Course Title: Data-Driven Decision Making: Machine Learning for Business Professionals

Part A: Course Overview

Course Title: Data-Driven Decision Making: Machine Learning for Business Professionals

Credit Points: 12.00

Terms

Course Code

Campus

Career

School

Learning Mode

Teaching Period(s)

ISYS3466

City Campus

Postgraduate

665H Accounting, Information Systems and Supply Chain

Face-to-Face

Sem 2 2024

Course Coordinator: Dr Chao Chen

Course Coordinator Phone: +613 99250184

Course Coordinator Email: chao.chen@rmit.edu.au

Course Coordinator Location: Building 80, Level 8

Course Coordinator Availability: By appointment


Pre-requisite Courses and Assumed Knowledge and Capabilities

None


Course Description

This course introduces you to the capabilities, limitations, and biases of machine learning and its applications in addressing complex business challenges through data driven decision-making. You will learn to design machine learning solutions, analyse case studies, and develop presentations to communicate your findings effectively. Throughout the course, you will explore business decision makings by selecting and applying machine learning algorithms to various business scenarios, and present insights to executive stakeholders to aid in automating some decision-making processes, allowing teams to focus on higher-order decisions.  


Objectives/Learning Outcomes/Capability Development

.


On successful completion of this course you will be able to: 

CLO1: Analyse and recommend suitable analytical methods based on various problem factors for addressing diverse data-driven business challenges.

CLO2: Evaluate and identify relevant data analysis options to support business decision-making within an organization.

CLO3: Critically assess the reliability, fairness, and ethical implications of the machine learning approach for business decision-making.

CLO4: Critically analyse the outputs of machine learning and effectively communicate this to decision-makers in a range of business contexts.

CLO5: Utilise visualisation technologies to present insights from analytical models effectively to support strategic decision-making for executive groups.


Overview of Learning Activities

This course uses highly structured learning activities to guide your learning process and prepare you for your assessments. a range of individual and group activities to facilitate learning. These include completing the required and recommended readings and attending in-class and online activities in which seminars and group discussions take place. The activities are a combination of individual, peer-supported, and facilitator-guided activities, and where possible project-led, with opportunities for feedback throughout. 
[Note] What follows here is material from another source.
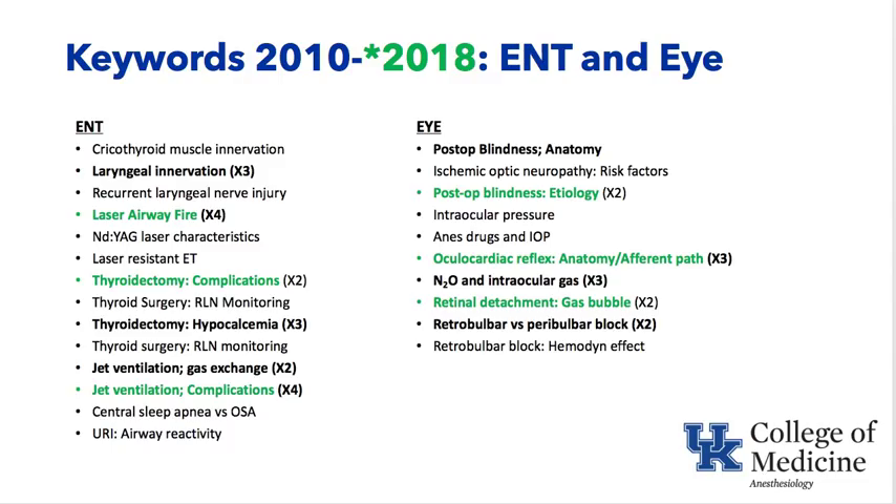The next group of 2018 keywords covers ENT and eye topics. The black keywords represent about a decade of prior keywords, and the numbers refer to how many times each has appeared. The 2018 green keywords include: laser airway fire, thyroidectomy complications, jet ventilation complications, postoperative blindness and its cause, oculocardiac reflex, retinal detachment, and sulfur hexafluoride.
Authentic and industry-relevant learning is critical to this course, and you will be encouraged to critically compare and contrast what is happening in your context and in the business analytics industry, and to use your insights. 

Social learning is another important component, and you are expected to participate in class and group activities, share drafts of work and resources, and give and receive peer feedback. You will be expected to work efficiently and effectively with others to achieve outcomes greater than those that you might have achieved alone. 

Above all, the learning activities are designed to maximise the likelihood that you will not only understand the course learning resources but also apply that learning to improving your own practice, for example, by producing real-world business artefacts and engaging in scenarios and case studies. 


Overview of Learning Resources

Various learning resources are available online through myRMIT/Canvas. In addition to topic notes, assessment details and a study schedule, you may also be provided with links to relevant online information, readings, audio and video clips and communication tools to facilitate collaboration with your peers and to share information.  

RMIT Library provides extensive resources, services and study spaces. All RMIT students have access to scholarly resources including course related material, books, e-books, journals and databases. 

Computers and printers are available at every Library. You can access the Internet and Library e-resources. You can also access the RMIT University wireless network in the Library. 

Contact: Ask the Library for assistance and information on Library resources and services: http://www.rmit.edu.au/library. Study support is available for assistance with assignment preparation, academic writing, information literacy, referencing, maths and study skills.  Additional resources and/or sources to assist your learning will be identified by your course coordinator and will be made available to you as required during the teaching period. 


Overview of Assessment

The assessment alignment list below shows the assessment tasks against the learning outcomes they develop.   

Assessment Task 1: 30%

Linked CLOs: 1, 2 

Assessment Task 2: 30%

Linked CLOs: 2, 4, 5 

Assessment Task 3: 40% 

Linked CLOs: 2, 3, 5, 6 

Feedback will be provided throughout the semester in class and/or in online forums through individual and group feedback on practical exercises and by individual consultation.